AD Daniel Ross keeps La Nouba looking sharp

aerialbambooSeth Kubersky of the Orlando Weekly Magazine spoke recently with Cirque du Soleil artistic director Daniel Ross, discussing how he keeps Cirque’s long-running La Nouba production at Disney Springs looking sharp and about introducing two new acts into such a tightly integrated show.

“We were mandated to make some changes to the show, and we all felt that it was well needed, so the first thing that we did was look at the positions we wanted to fill,” Ross told me, spelling out the steps behind adding new segments to a Cirque show. “We looked at the creative context and the initial impulse at creation with the director and writers and choreographer. We really needed to find something that would complement that and respect the concept of the show.”

Replacing the opening jump-rope routine, La Nouba’s first new troupe members are an international trio of breakdancers: Josh “Incredible Josh” Ortiz, Jean Carlos “Bebo” Lloret and Dmytro “Flying Buddha” Li.

“The opening of La Nouba is the cleaning lady who opens up a magic world,” Ross says. “The first act is really about urbanity, as if she’s found herself in the traffic of the city where there is a lot of people that are not paying attention to her. We really needed that city grit, that city-street feel, and we felt that breakdancing was a good idea.”

La Nouba’s first half reaches a peak (literally and figuratively) with its high-flying second addition. “It used to be a high wire act tightrope,” Ross says. “The director really wanted to bring up the traditional circus, as if the cleaning lady was reliving memories of her childhood, remembering the time she went to the circus with her mom or her dad, seeing this beautiful lady and man up there. And at the same time, because we are in the city there was a bit of a tribute to Philippe Petit, the wire walker that walked across the Twin Towers. We wanted to preserve that, so we knew we wanted an aerial act.”

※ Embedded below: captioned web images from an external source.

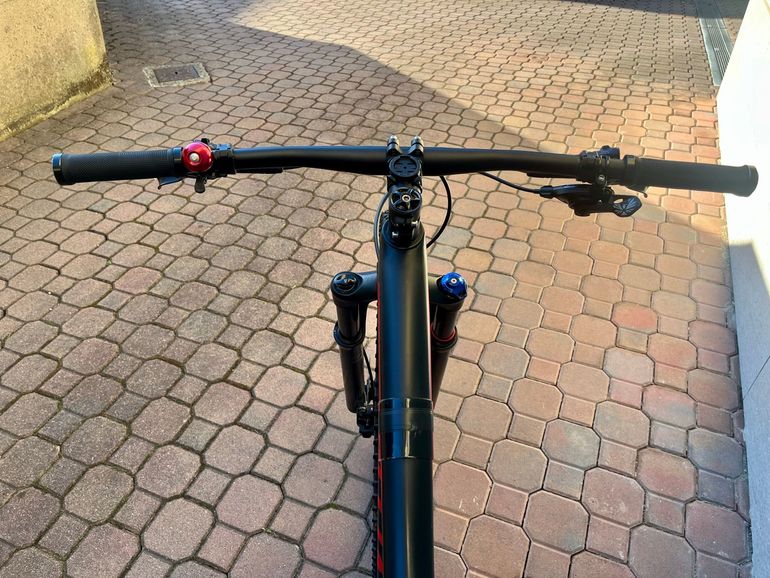 Used Specialized Epic SRAM GX Eagle 2019 Mountainbike, Black, 29 — image 8 of 8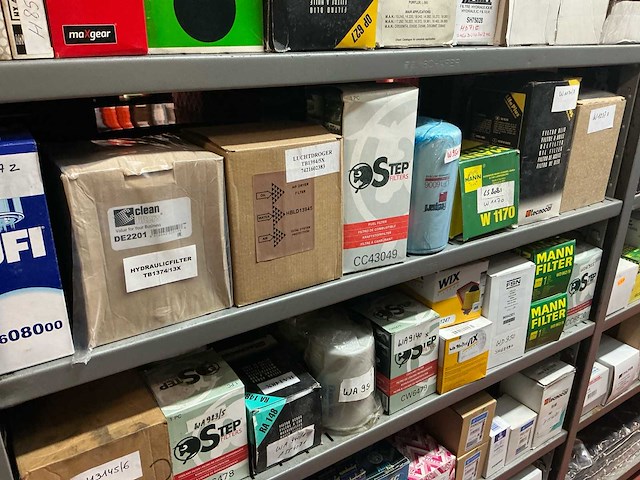 Lot vrachtwagen en industrie filters (180x) - afbeelding 4 van  11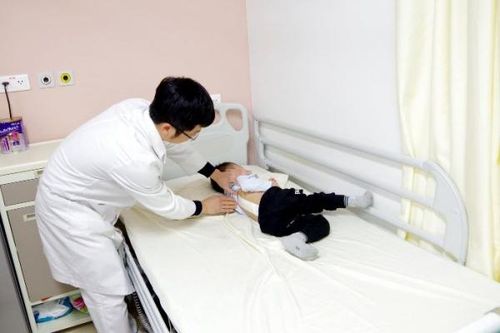 'Sửa' cong vẹo cột sống cho bệnh nhi 3 tuổi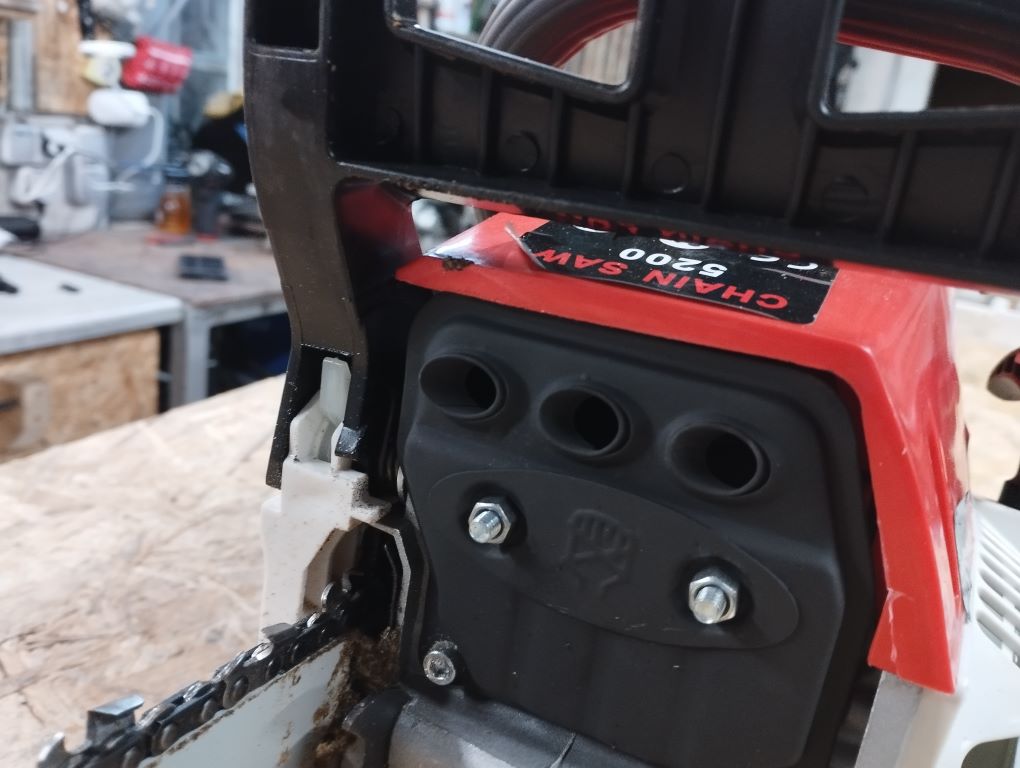 Kettensaege China Weiss Rot Chainsaw 5200 noname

Ross’s answer was found in acrobatic aerialists Alexander and Ekaterina Abramov, who perform on a suspended pole-shaped apparatus known as a “bamboo.” “We fell upon this, which was an act we had before in a show in China. You don’t see [aerial bamboo] around much anymore; looking for it, we only found this one couple. So it’s something that doesn’t really roam the streets so much, even in the European circus. We still wanted a love story so we decided to go for the aerial bamboo, so we could keep that traditional aerial character, but at the same time provide something special to the audience that they rarely see.”